High-color video playback on STE

kovacm · 27-11-2012, 17:05:14

Quote from: Petari on 27-11-2012, 15:59:27
Overscan with dual palettes:

http://atari.8bitchip.info/OverscanOvertake.avi

this look awesome! only at the end you have artefacts in few lines, otherwise: perfect!

Petari · 28-11-2012, 10:59:11

Yes. Errors by PCS conversion - which is still in Beta phase. Currently doing another one, with slower and better PCS conv. mode. 1 min for 1 frame.
Hopefully, Douglas Little will do updates soon.

Cyg · 28-11-2012, 12:52:56

Great ! Except a bug on the left at 1'00 ?

I had few hours these last days to almost finish my C version of higheSTcolor, still have few hours to work, I should deliver you something by tomorrow night (depending of my newborn son needs ;-) ).

It can go fast, 6s per picture for an quite good result and the quality is a little improved from what you saw before because now I think I have enough power for the algorithm to converge to the "ultimate" result.
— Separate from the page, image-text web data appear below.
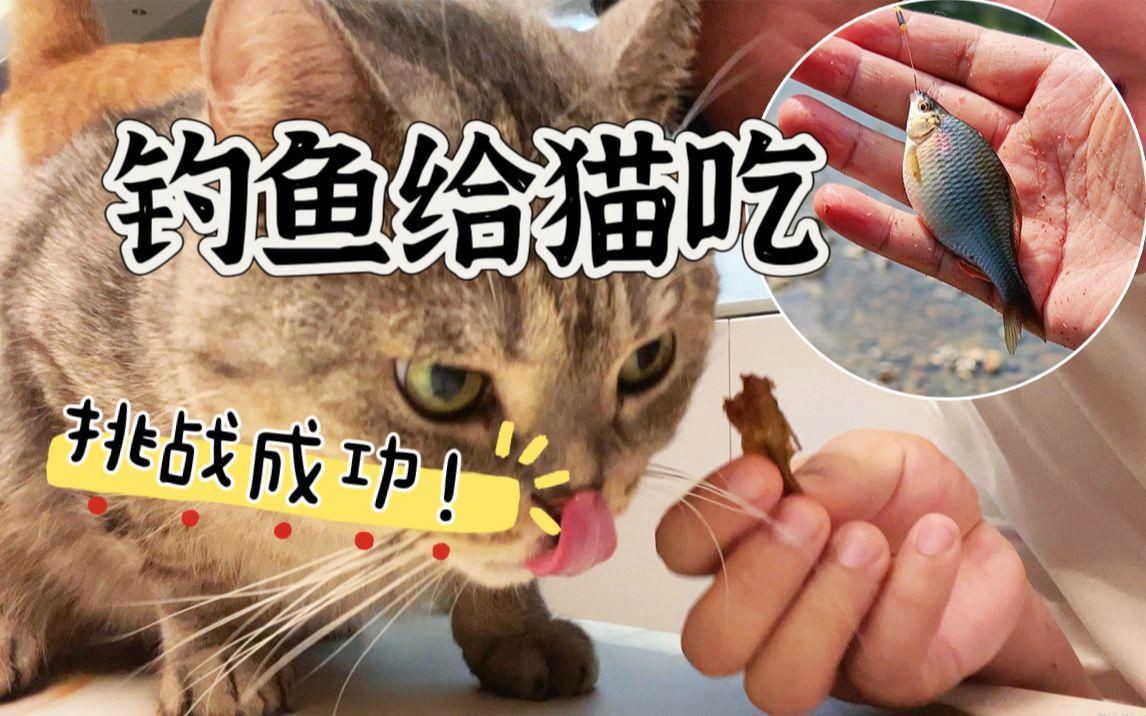 貓糧和買魚哪個更好，《貓糧和買魚哪個更好》貓糧和買魚哪個更好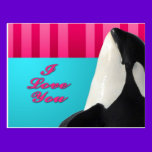 Valentine I love you orca whale postcards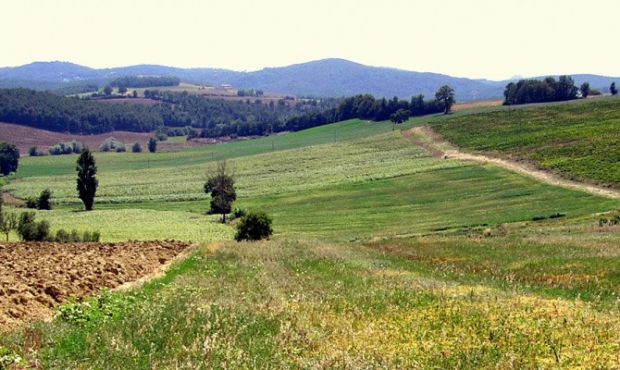 la-terra-a-chi-non-lavora-proposta-sel-per-locazione-terreni-pubblici-a-giovani-agricoltori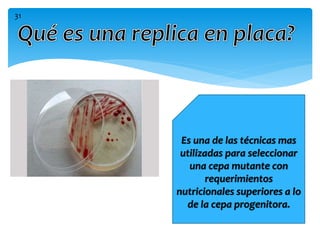 Es una de las técnicas mas
utilizadas para seleccionar
una cepa mutante con
requerimientos
nutricionales superiores a lo
de la cepa progenitora.
31
 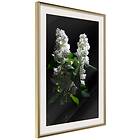 Artgeist Poster Affisch Lilacs at Night [Poster] 40x60 A3-DRBPRP1070l_zr_pp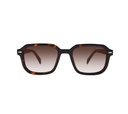 Lentes de Sol Loup LPS1324C2 1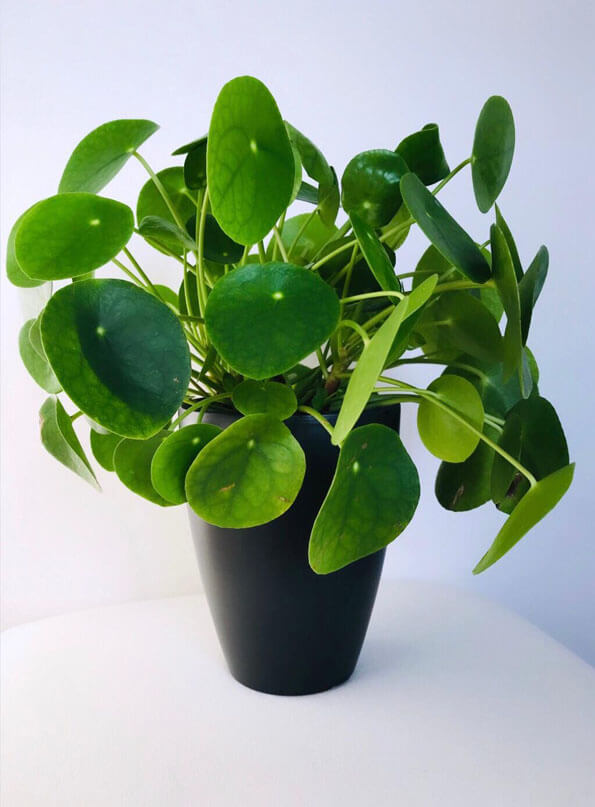 Pilea Peperomioides (Chinese Money Plant) Our House Plants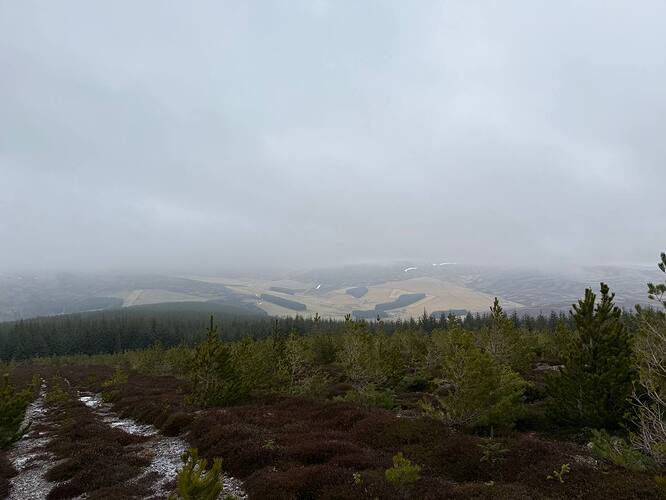 ladylea-scenery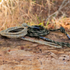 Hang Free 8mm Predator™ Sewn & Spliced Tree Tether & Lineman's Belts (Main Line Only) — view 3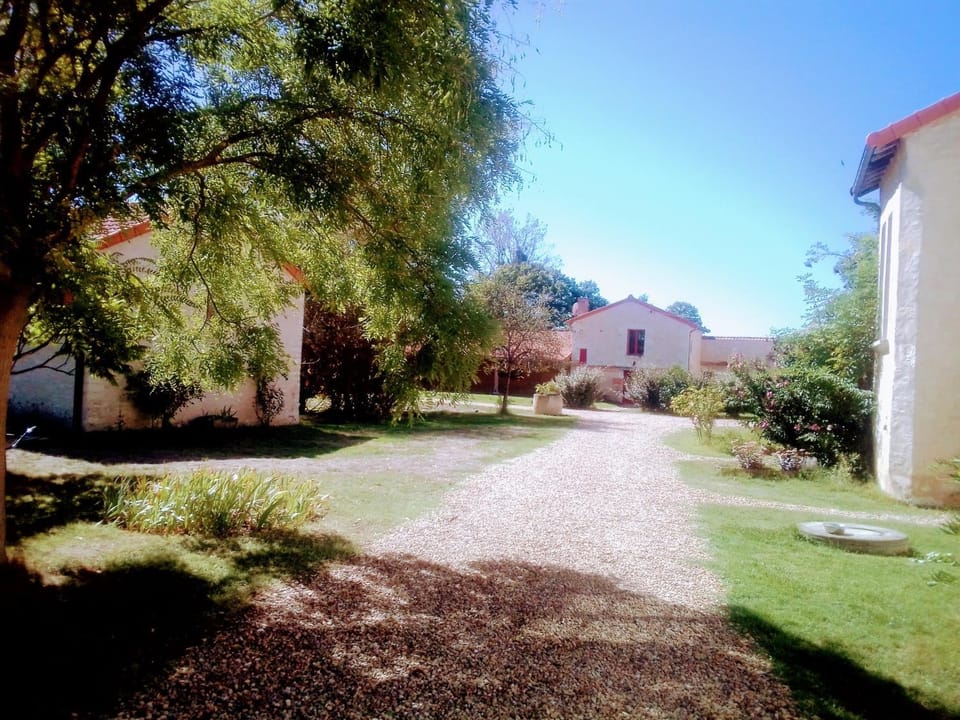 Spring, Garden, Garden view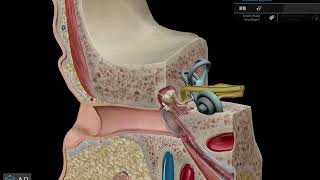 8 Hirnnerv Nervus Vestibulocochlearis [upl. by Ayeka]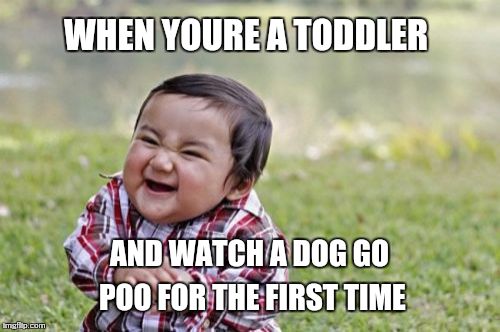 Evil Toddler Meme | WHEN YOURE A TODDLER; AND WATCH A DOG GO POO FOR THE FIRST TIME | image tagged in memes,evil toddler | made w/ Imgflip meme maker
What are your overscan colors/palettes timings ?

Best regards
Cyg

Petari · 28-11-2012, 16:32:51

I corrected errors in overtake vid. Using PCS m5 - it is quite slow with default settings - 1 min for 1 conversion. Reconverted some 150 frames at end. URL is same.
Will do some others with overscan in days.

Overscan is res: 416x228 px . Good that no border left and right. 48 colors/line. Can not more, because need to load parts of bitmap interleaved with colors. And no way to have complete separated palettes for lines. 6 colors from last palette of upper line go to begin of line. I think that it is best what can achieve. There is only 48T state for loading colors in H-blank. I can there load 10 colors. Plus, I couldn't center image vertically, because it would take too much CPU time. Not so big flaw, I think. That palette sharing between lines slowdowns PCS conversion a lot.
But this is max, what we can with overscan, I think. Other useful res would be 320x240 - for 4:3 AR material.
I need to do some experiments with dot timings yet - sometimes I have errors on STE depending on it's warming, it seems.
Maybe need to shift 1px left or right.

Cyg, what preprocessings you use ?

Cyg · 28-11-2012, 17:10:18

Preprocessing : nothing (or directly included in the source image) and (x+y) alternative floor/ceil rounding rule, nothing new.
As postprocessing, Floyd steinberg, but a little lighter than before.
And modes are 1 pix + 1 pal, 1 pix + 2 pal, 2 pix + 2 pal

Cyg

Petari · 29-11-2012, 13:35:02

I meant "directly included in the source image" - what doing with some imaging SW before giving it to your converter ?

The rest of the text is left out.